April 9, 2007 (Computerworld) --
Rick King helps run a $3.1 billion information services business for The Thomson Corp., and he says it’s crucial to get enough power to store the 2.5 petabytes of legal and regulatory data the company provides to its customers.
King, executive vice president and chief operations officer for Thomson’s North American Legal business, completed a 17,000-square-foot upgrade of two 10-year-old data centers in May 2005. Among other things, he boosted the power available from the original 25 watts per square foot to the 60 watts required by today’s denser, virtualized servers and storage. He also added redundant power feeds from separate electric substations and added more backup batteries and generators.
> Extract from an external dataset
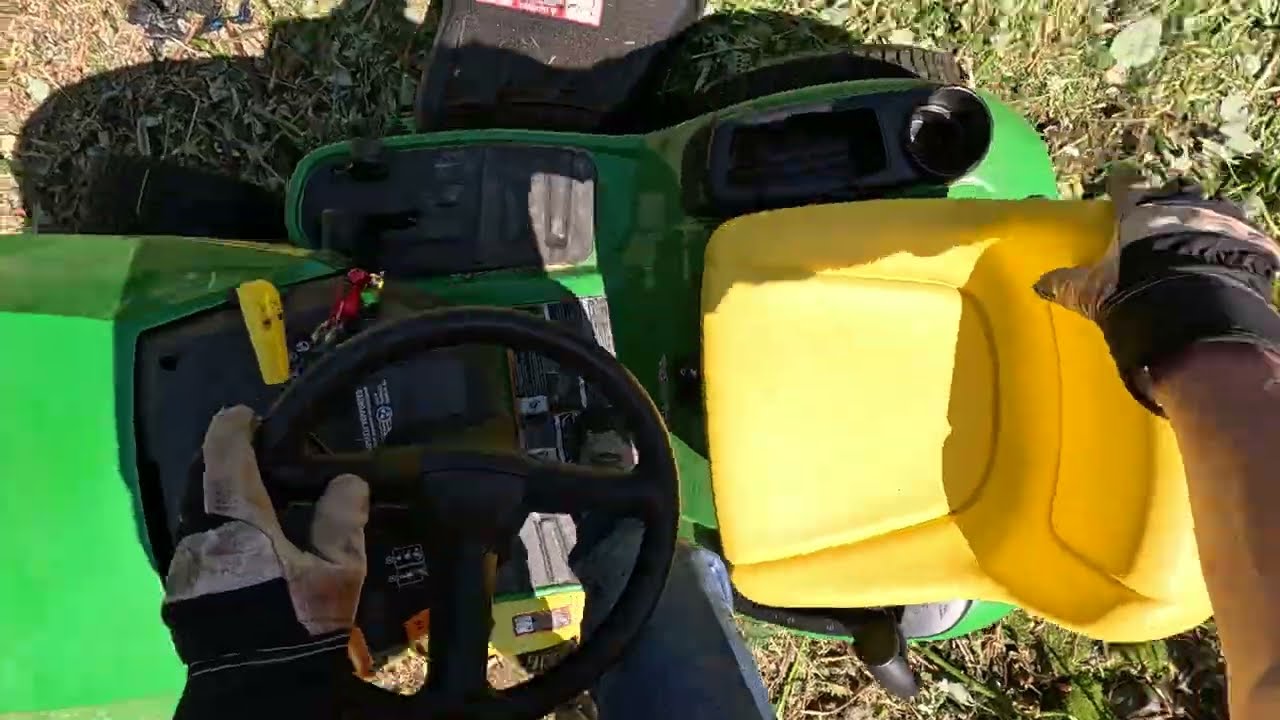 ASMR Daily Living POV - Riding Mower, Prepping Wood Chipper and Clearing Brush for Robot/AI Training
With the online share of Thomson’s business growing rapidly, King can’t afford to rely on third-party data centers that might not have access to sufficient power — or the will to make costly upgrades. So he’s preparing to consolidate smaller data centers and build a new 80,000-square-foot data center (with at least the same 60-watt-per-square-foot capacity) to house servers and storage for his company’s growing customer base.
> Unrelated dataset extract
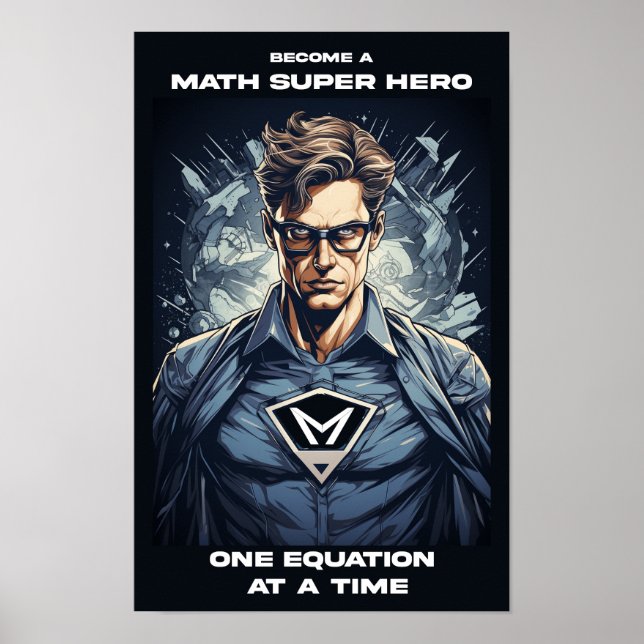 Math Toppen Hero Classroom Poster (Framsidan)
Thomson’s hardware footprint is no small investment. And with power costs on the rise, King says his main concern now is finding and keeping skilled staffers who understand the interplay of computing technology, power requirements and facilities design.
Those skilled staffers come at premium prices, stretching budgets even further. In the second half of 2006, pay for some storage administrators grew 20%, according to David Foote, CEO and chief research officer at IT workforce consultancy Foote Partners LLC in New Canaan, Conn. Salaries for senior storage network administrators had risen 10% in the 18 months prior to December 2006, which was “well beyond the average growth in pay for IT jobs overall,” Foote says.
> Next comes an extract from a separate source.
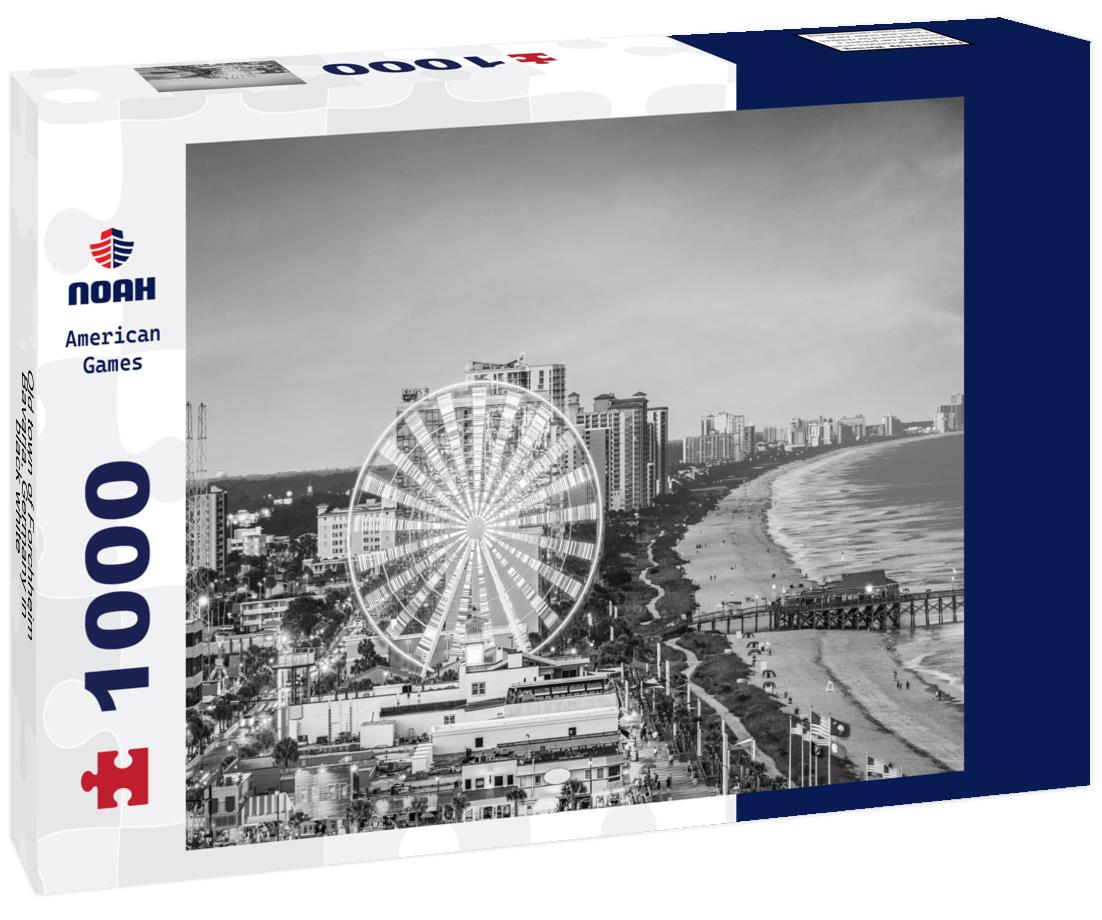 Noah Jigsaw Puzzle Old town of Forchheim, Bavaria, Germany in black white 1000 pieces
The combination of scarce and more expensive power, rising administrator salaries and storage needs that are growing as much as 70% annually is hitting IT budgets hard. Here’s how some companies are coping with these multiple storage headaches.
Where’s the Juice?
Disk and tape drives typically consume only one-fifth or less of the electricity used by a data center, with servers using much of the rest. But every terabyte of data stored online and available for production applications needs to be backed up for disaster recovery, with a third copy often archived for legal purposes. Saving data in triplicate can, of course, triple the amount of power required to run and cool storage devices. It can also lead to a need for more ducts or water pipes and an increase in the emergency battery or generator capacity needed.
Electricity is also getting more expensive. Commercial customers such as data centers paid an average of 7.43 cents per kilowatt-hour in 2000 and an average of 8.67 cents per kilowatt-hour in 2005, according to the U.S. Department of Energy. By November 2006, the average price had risen to 9.11 cents per kilowatt-hour, the department says. And regional spikes to as high as 14.38 cents per kilowatt-hour in some locales led customers such as Microsoft Corp., Yahoo Inc. and Intuit Inc. to build large data centers near power sources in eastern Washington, says Jim Kerrigan, a principal at The Staubach Co., a commercial real estate firm in Chicago.